__Exercise instructions__:
Transcribe exactly, and only, the lines that fall between the line containing "Sivas'ın tarihi yapıları 3" and the last line of the material, both ends included, omitting any pictures.

__Entries provided__:
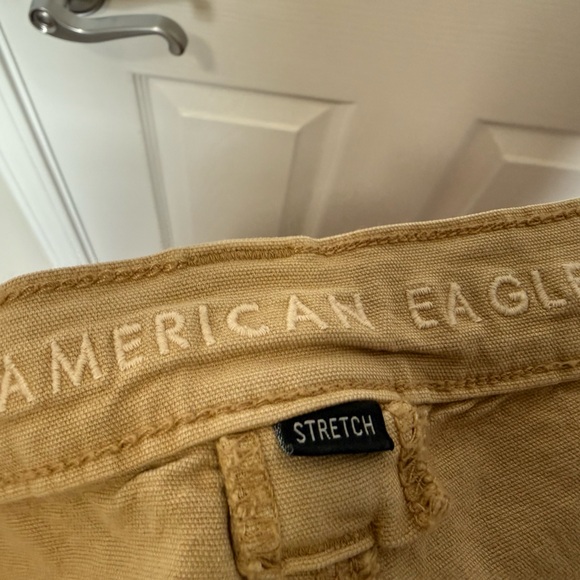 American Eagle Outfitters Women’s Khaki Cargo Pants w/partial elastic waist Sz14 - Picture 5 of 8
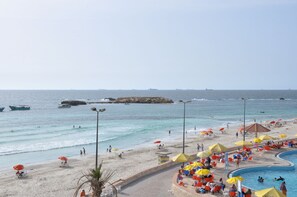 Private beach, sun-loungers, beach umbrellas, beach towels - Ajami Armed Forces Apartments (Alexandria)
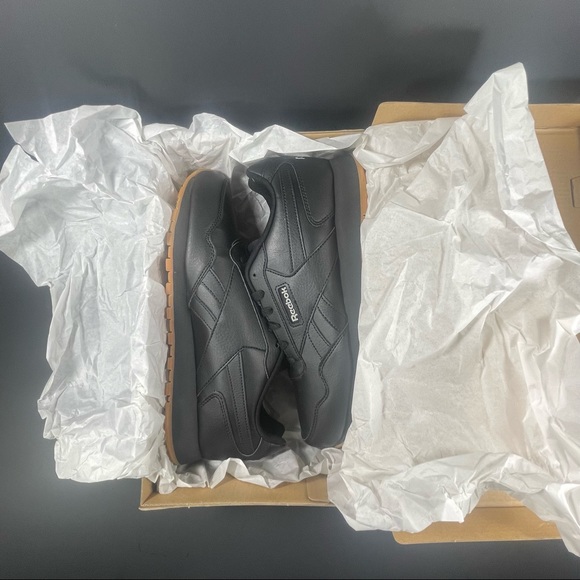 Reebok Classic Harman Leather Sneakers | Black (Men’s 8)(Women’s 9.5) - Picture 9 of 10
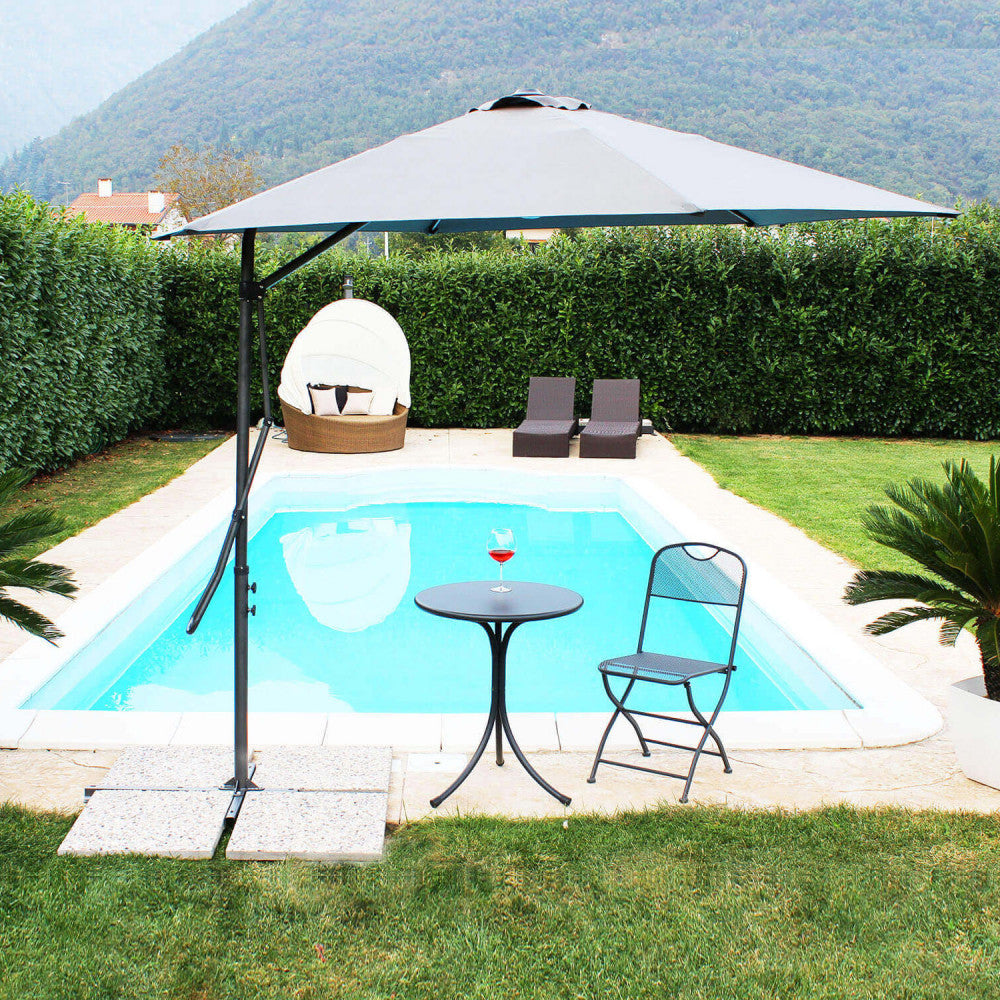 Ombrellone Cosma Zenith grigio a bordo piscina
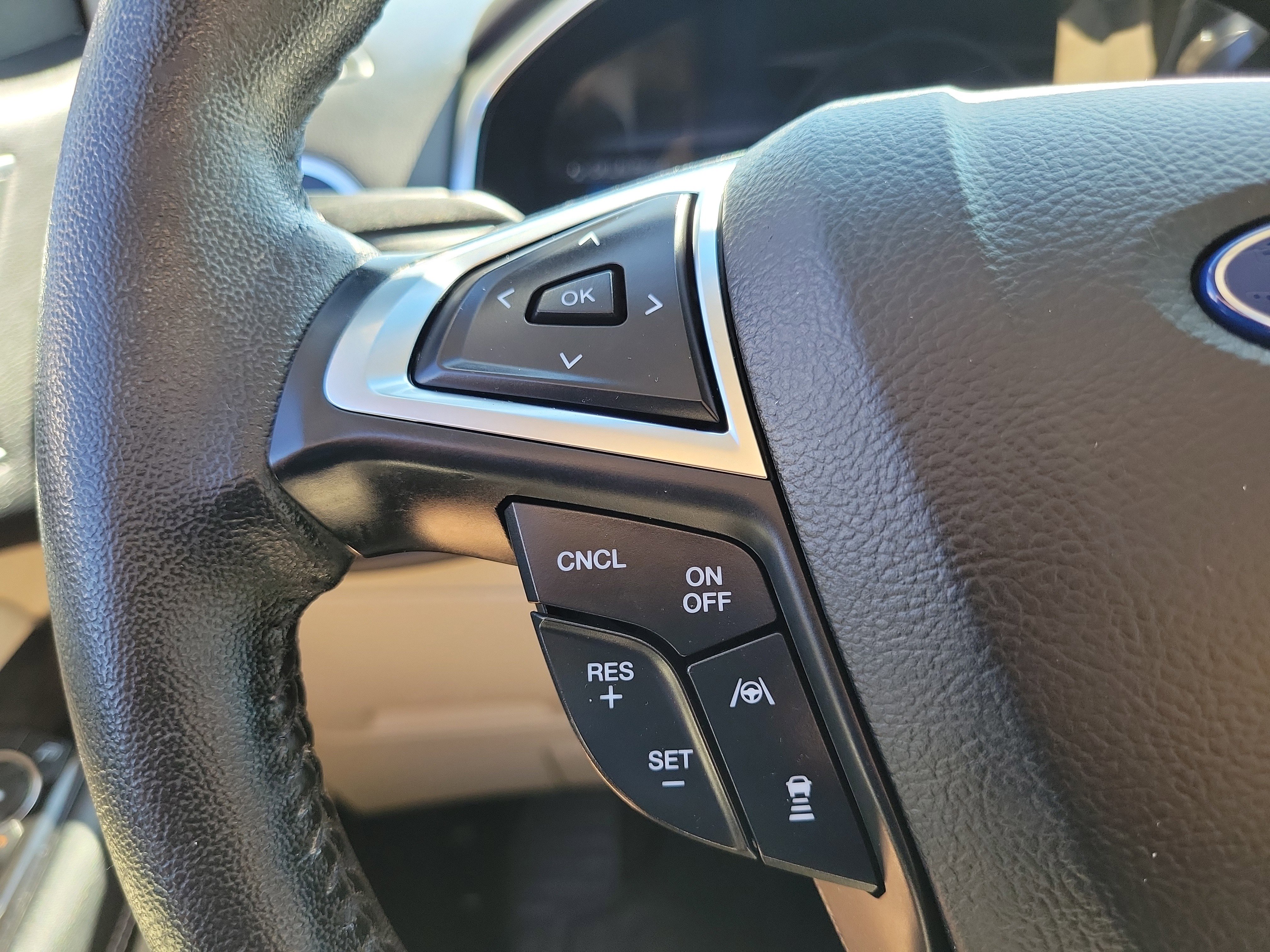 Used 2019 Ford Edge Titanium w/ Equipment Group 301A FWD image 25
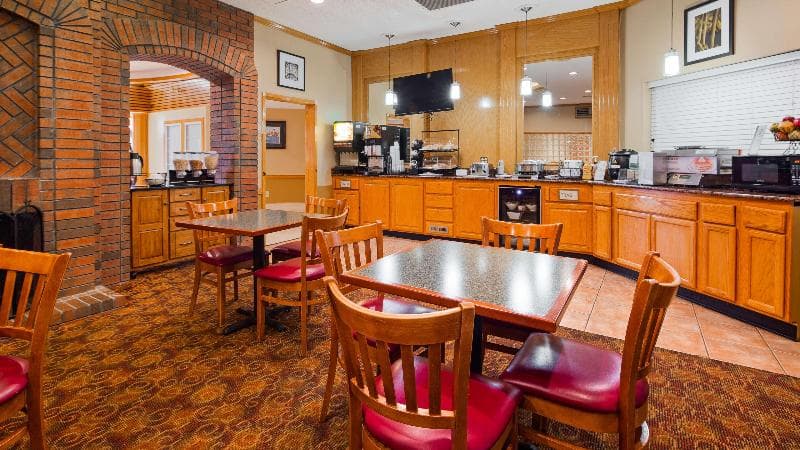 Best Western West Greenwich Inn 3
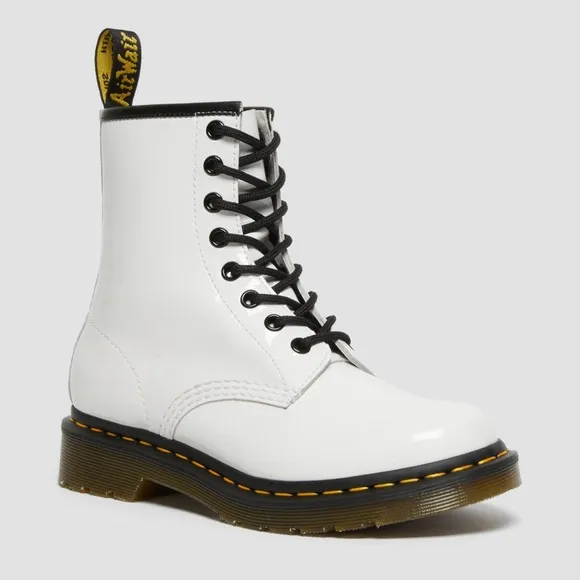 DR. MARTENS 1460 WOMEN'S PATENT LEATHER LACE UP BOOTS size 5 NWOT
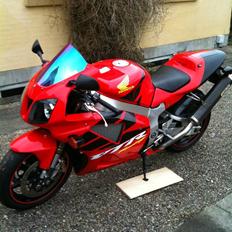 Honda VTR 1000 SP1 (solgt)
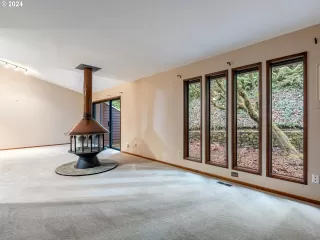 Photo #4: 24166335 Listing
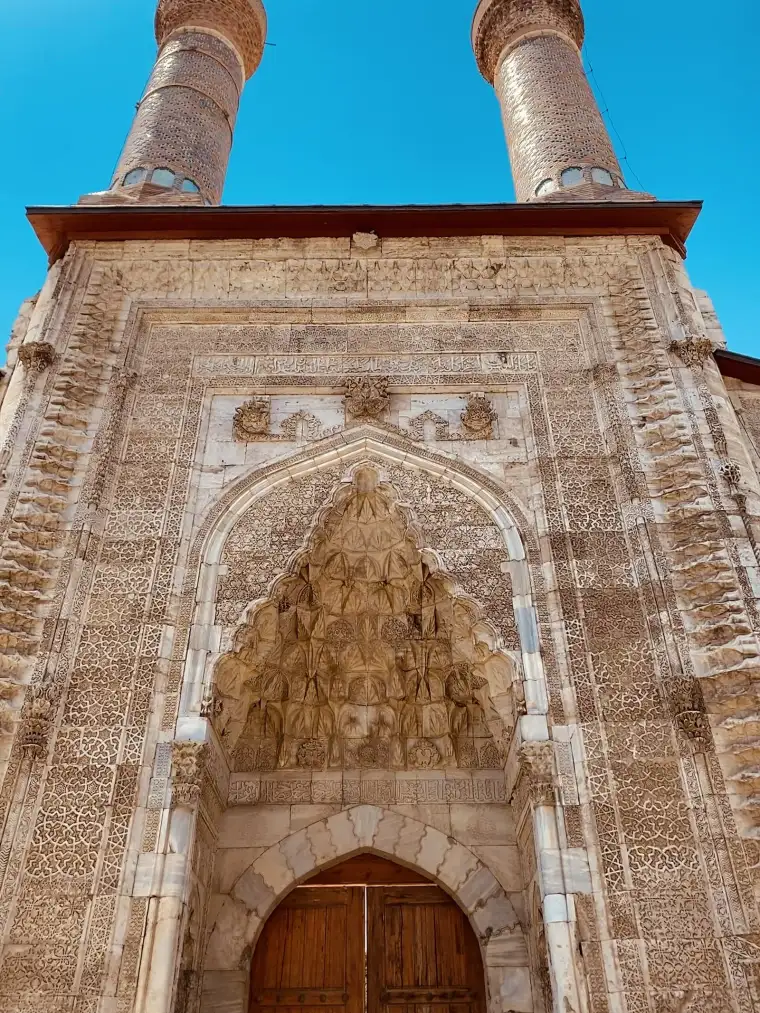 Sivas'ın tarihi yapıları 3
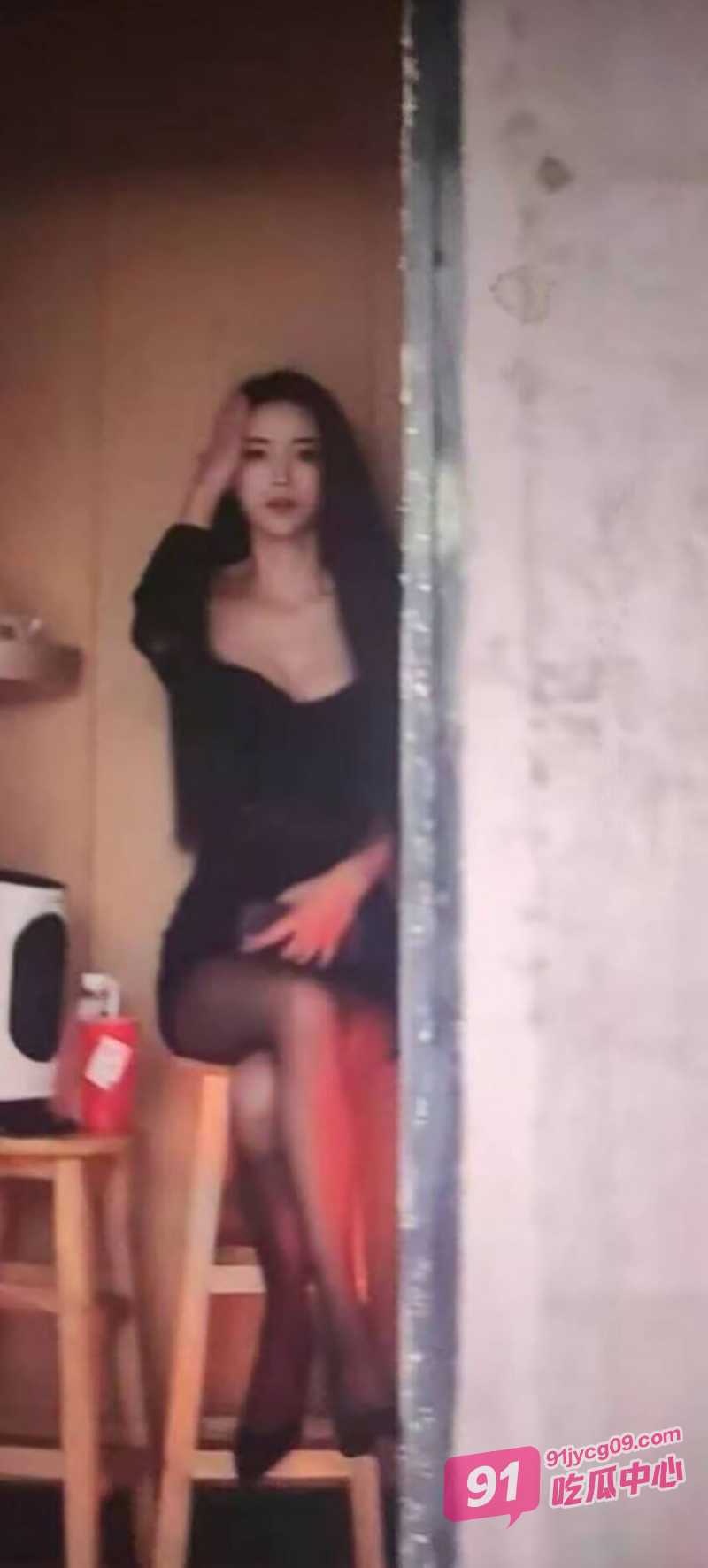 长沙鸡店美女花魁 众人排队干被帽子叔叔一锅端 这些又是谁的未来老婆呢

__Reply__:
 Sivas'ın tarihi yapıları 3
 长沙鸡店美女花魁 众人排队干被帽子叔叔一锅端 这些又是谁的未来老婆呢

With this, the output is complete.